Women more at risk of poverty after divorce than men

Women in the Netherlands are still more likely to fall below the poverty line after getting divorced than their male counterparts, Statistics Netherlands reported on Friday. Among couples who got divorced in 2017, 17 percent of women was below the low-income line a year later, compared to 7 percent of men.

This gap is getting smaller, the stats office said. When this study was done among people who got divorced in 2012, 9 percent of men were at risk of poverty a year later and 25 percent of women. "In the population, the proportion with a low income also declined in five years, but the decrease was more pronounced among divorced men and women," the stats office said.

According to Statistics Netherlands, the decrease in the risk of poverty is linked to an increase in the share of economically independent women after the euro crisis in 2014. Of the women who got divorced in 2017, over 60 percent were economically independent before their divorce, earning at least the welfare level income. Of the women who were not economically independent before their divorce that year, 38 percent were at risk of poverty a year later, compared to 4 percent of divorced women who were economically independent.

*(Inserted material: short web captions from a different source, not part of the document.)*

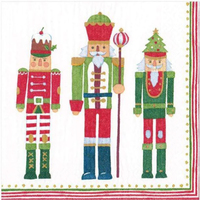 March of the Nutcrackers  Cocktail Napkins 20pk
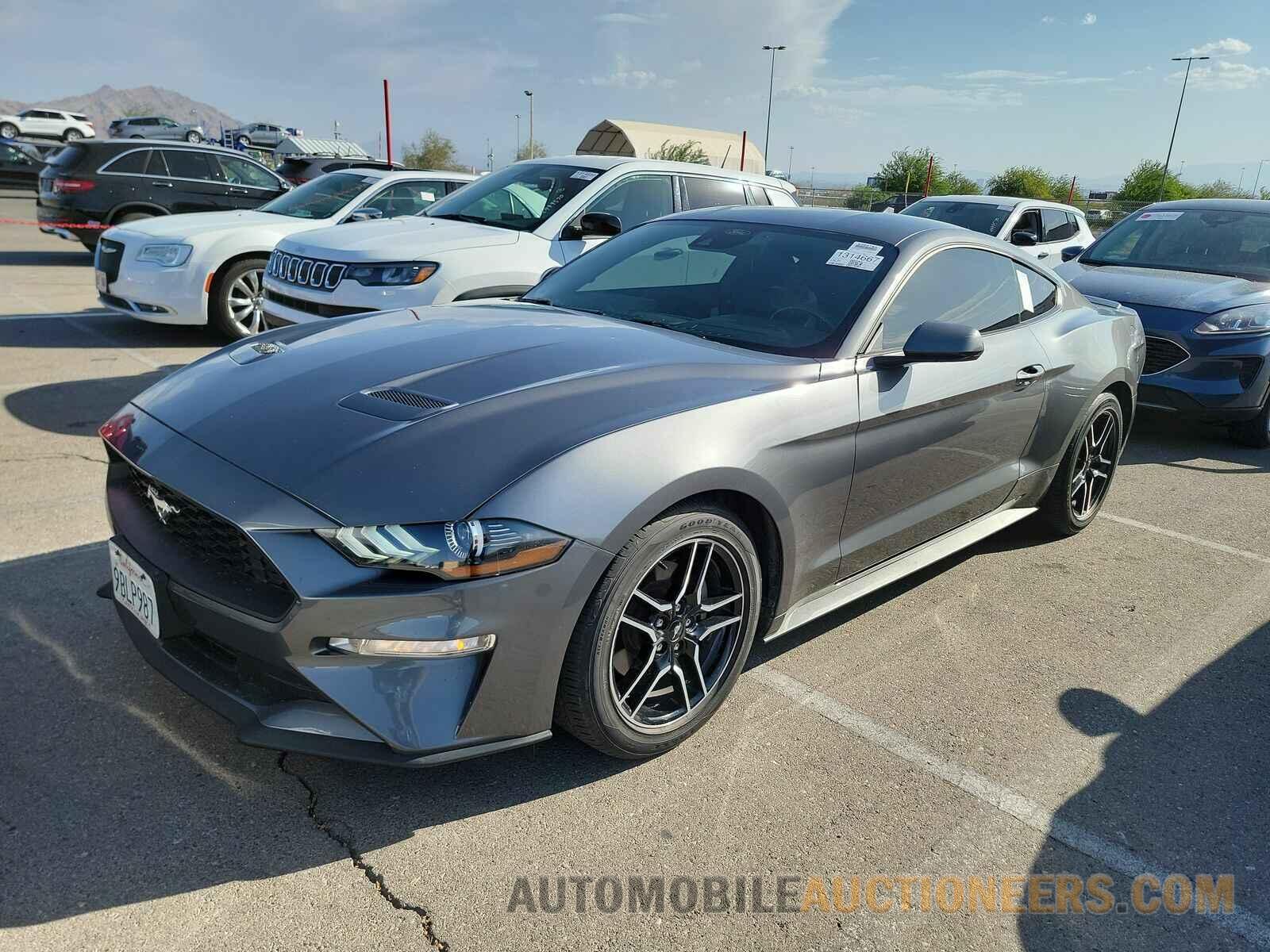 1FA6P8TH8M5129138 Ford Mustang 2021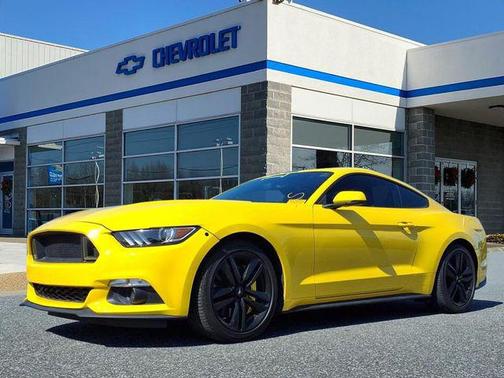 2017 Ford Mustang EcoBoost Premium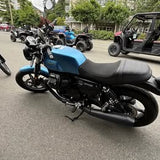 2026 Moto Guzzi V7 STONE - BLUE - 0003 - DEMO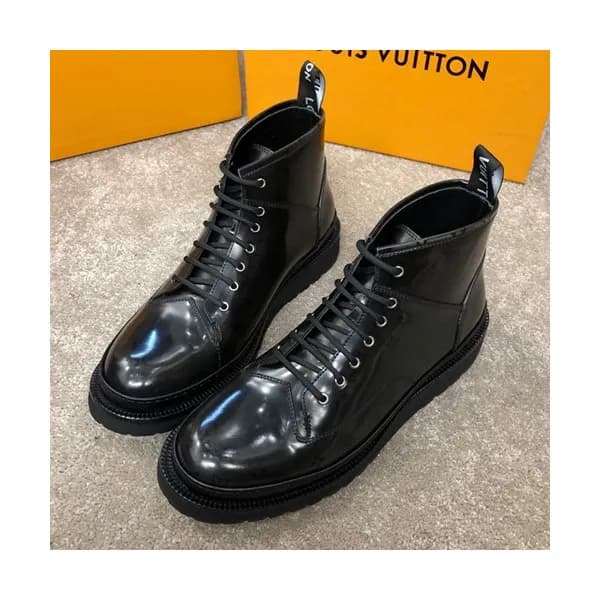 Louis Vuitton 2019 Mens Leather Shoes - 루이비통 2019 … - 1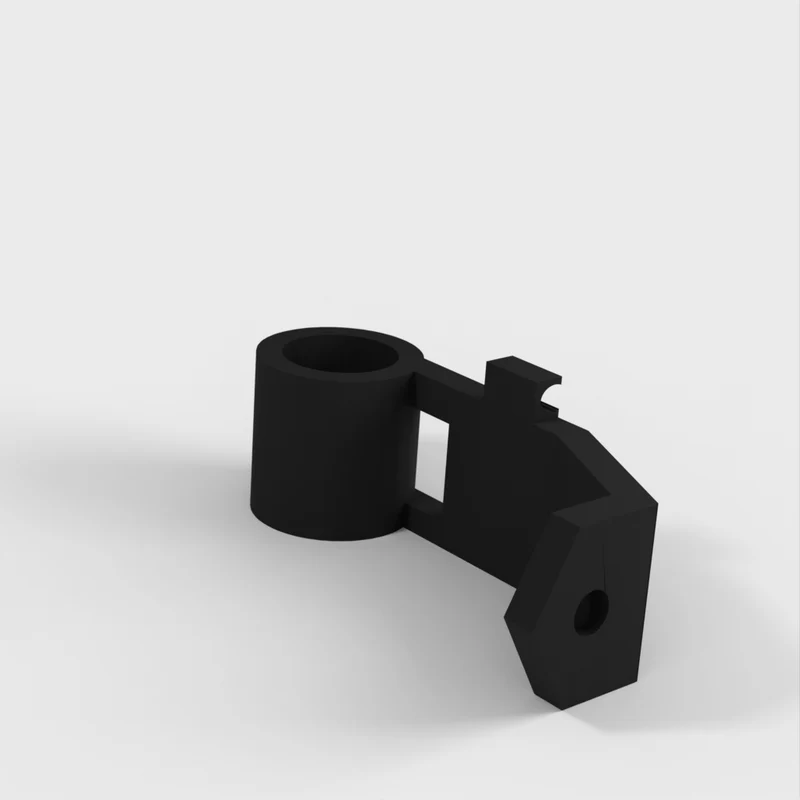 Support d'éclairage de vélo Cree pour fourche avant
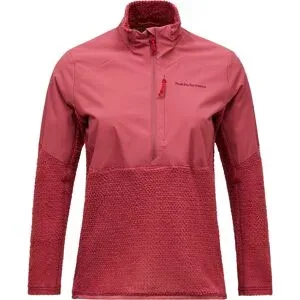 Peak Performance Fleecejacke mit Reißverschluss &ndash; für Damen Polartec Alpha® / Frauen &ndash; W Freelight Alpha Half Zip W Freelight Alpha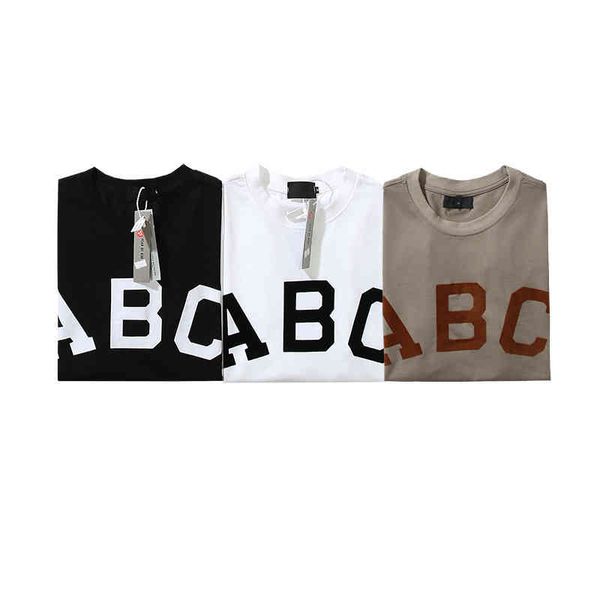 new design brand men's fashion fog sentials multi thread abc flocking letters short sleeve t-shirt wo, White;black
new design brand men's fashion fog sentials multi thread abc flocking letters short sleeve t-shirt wo, White;black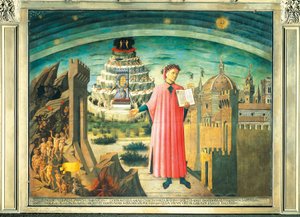 Dante und sein Gedicht 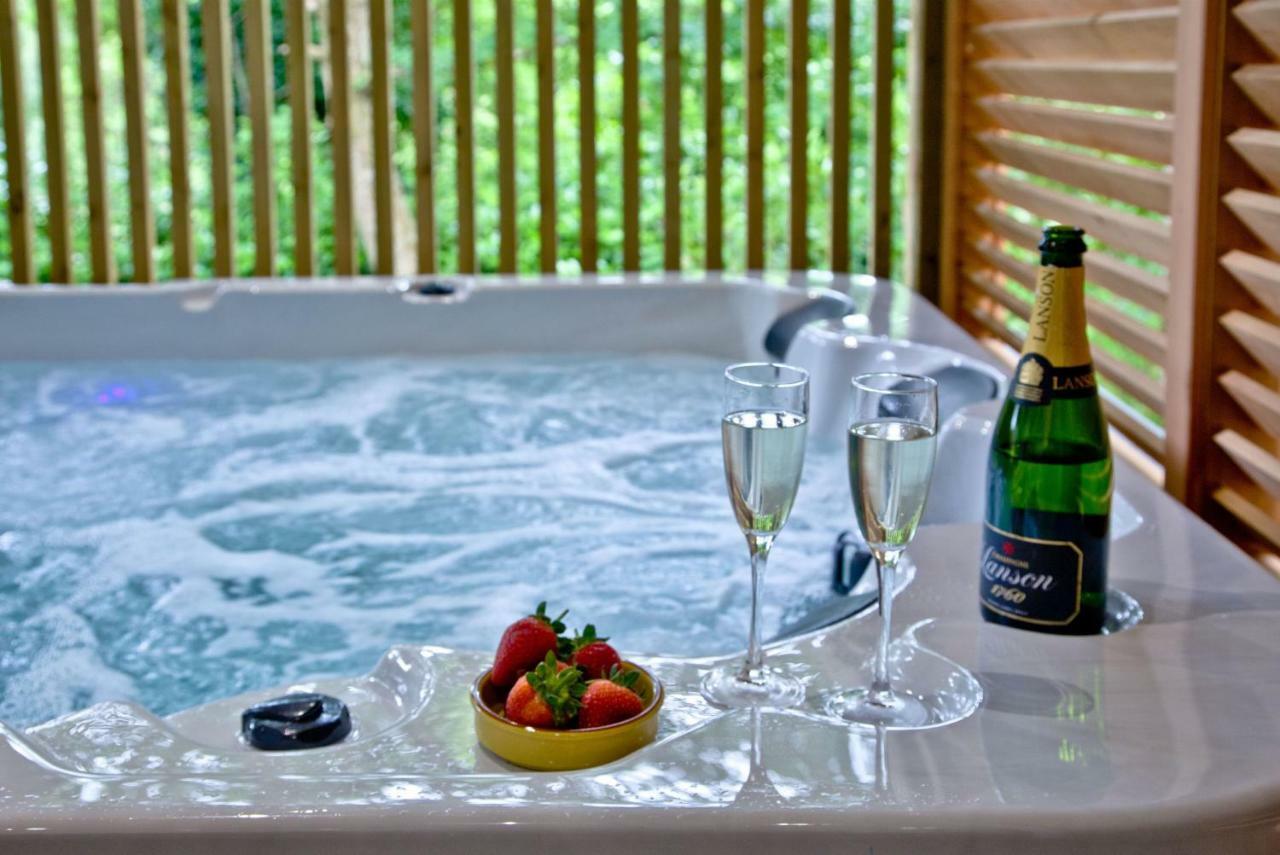 Cedar Lodge, South View Lodges, Exeter Bagian luar foto
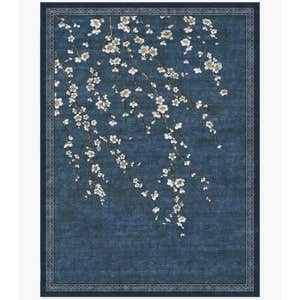 Gracie Sakura Indigo Tufted Rug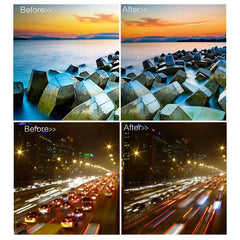 JUNESTAR Kits de filtros ND de filtro de len...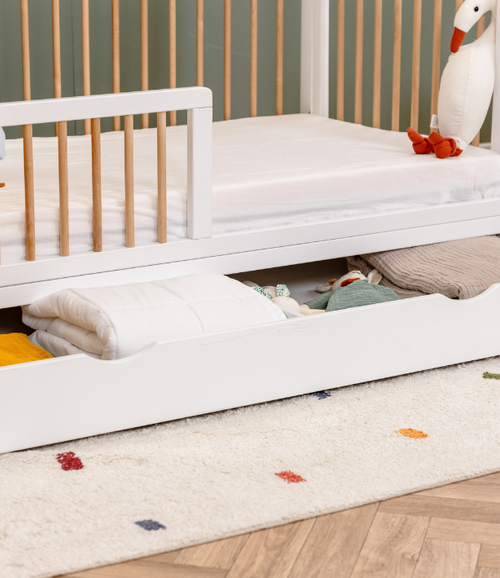 Cama infantil con cajones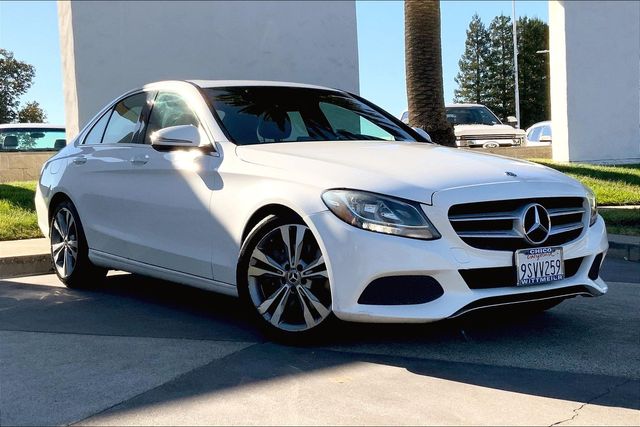 2018 Mercedes Benz C 300 Sedan photo 2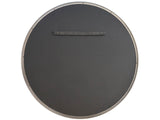 Modern Smoked Bronze Round Accent Mirror - Ornate Home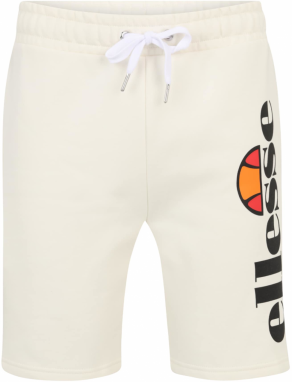 ELLESSE Nohavice 'Bossini'  oranžová / čierna / šedobiela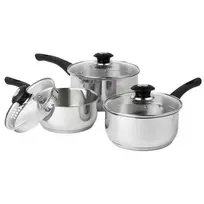 Russell Hobbs RH00542EU7 lengvai filtruojamų keptuvių rinkinys, 3 vnt.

After divorce, 25 percent of the relatively small group of men who were not economically independent were at risk of poverty. Of the men who were economically independent, 2.5 percent risked falling below the poverty line.

Among women, the presence of children make relatively little difference in whether they're at risk of poverty after their divorce. Despite the loss of their partner's income and without child maintenance, over 80 percent of single mothers were above the low-income line a year after their divorce. Among divorced women without kids, 79 percent were above the low-income line.

Among men, the risk of poverty for those with no kids is notably higher than the average divorced man at 9 percent. According to the stats office, this is because single men with no children tend to be younger and more likely to have a low income or unstable employment situation than older men.